IMPACT Article of the Month


Following the murder of Martin Luther King in 1968, the city of Baltimore soon became engulfed in riots and looting. The city had grown infamous for the tragically high infant-mortality rate among the black community, as well as the notoriously terrible housing conditions the city’s black residents endured. The death of the great civil-rights leader was the spark that set aflame the tinderbox of deprivation and despair that Baltimore had become. Brutal confrontations broke out across the city as enraged residents fought the beleaguered ranks of the National Guard. Local lives and businesses were torn down amidst the urban chaos.

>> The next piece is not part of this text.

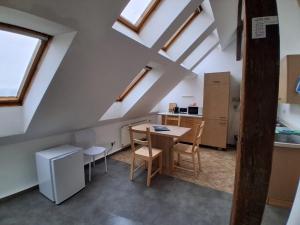 a kitchen with a table and chairs in a room at Mittendrin in Stendal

Last month Baltimore found itself host to another tumult of rage and frustration from its black residents, following the death of 25 year old Freddie Grayson at the hands of local police. So it seems that the farcically cyclical nature of history has evinced itself once more on the broken pavements of the Maryland city. When casting an eye back to Grant Park, Chicago, on the night of President Obama’s election, we must how has America now found itself in such a position? America was supposed to have turned a corner in race-relations but instead, after the Trayvon Martin shooting, Ferguson and now Baltimore, our TV screens could well be directly replaying us footage from those race-riots of 1968 and we would be none the wiser.

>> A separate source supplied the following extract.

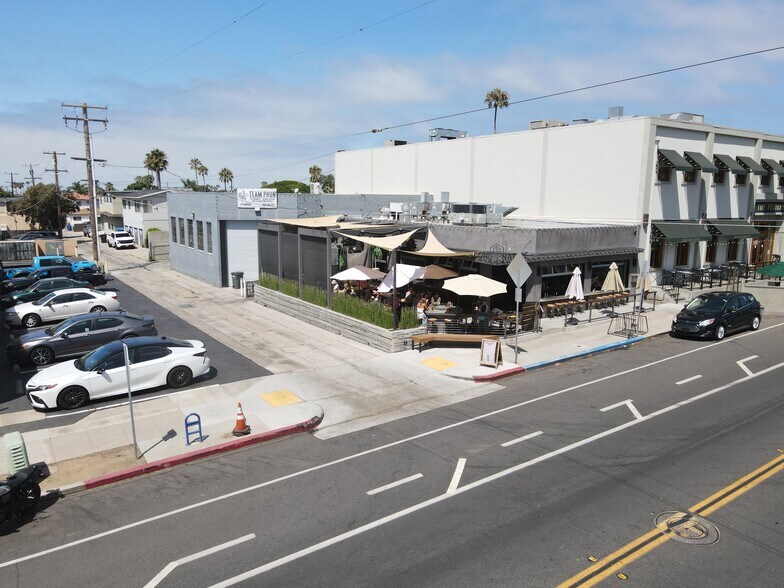 More Photos Of 5026 Cass St, San Diego Freestanding For Lease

When running for the White House in 2008, the then Senator Barack Obama delivered a magnificent speech in Philadelphia, the birthplace of American democracy, about race-relations in present day America.  The speech was classic Obama circa 2008; eloquent, engaging and inspiring and, unfortunately, it left many of the public with unrealistic expectations as to what Obama could achieve in office. Obama talked about the racial injustices in American history that had led to inequalities that were hurting American society today. In his typically far-ranging style Obama talked about the founding fathers, slavery, the Jim Crow laws, Brown vs. Board of Education and the sickening incarceration rate for black Americans (by 2001 one in six black males in America had been to prison).

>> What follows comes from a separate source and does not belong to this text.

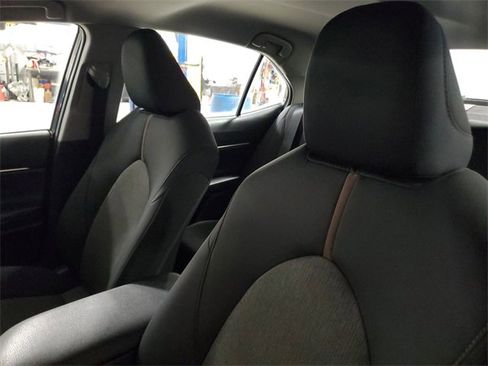 Used 2019 Toyota Camry LE image 16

Obama in his address stated, ‘I have never been so naïve as to believe that we can get beyond our racial divisions in a single election cycle, or with a single candidacy – particularly a candidacy as imperfect as my own’, but despite such initial caution, as Obama’s candidacy for the Presidency came closer and closer to realisation, expectations of and faith in Obama as a potential President rose higher and higher. By the time of his election and the scenes of celebration and hysteria in Grant Park, Chicago, Obama’s fate, as a disappointing President, was practically sealed.


There are numerous reasons why Obama has disappointed so many of his supporters (many of them now former), many of those are his own fault, while some of them are those of the supporters’; individuals who either didn’t pay enough attention to his background and what he was actually saying or who quite simply weren’t familiar enough with the difficulties of the US political landscape. Regarding his foreign policy, Obama is entirely culpable for the disdain directed towards him by former supporters. In 2008 Obama promised to close Guantanamo bay, something his supporters and above all Gitmo’s God forsaken residents are still waiting and no doubt praying for. Obama promised, not just to Americans, but to the citizens of the world, a new sort of foreign policy for the world’s only superpower, one that would see America making choices that it could be proud of and that would see human rights and dignity trumpeted and emphasised throughout the globe; nearly eight years later and the children and farmers on the war-torn plains of Afghanistan and Pakistan find themselves cowering from the murderous and unaccountable drones that Obama deploys with criminal negligence.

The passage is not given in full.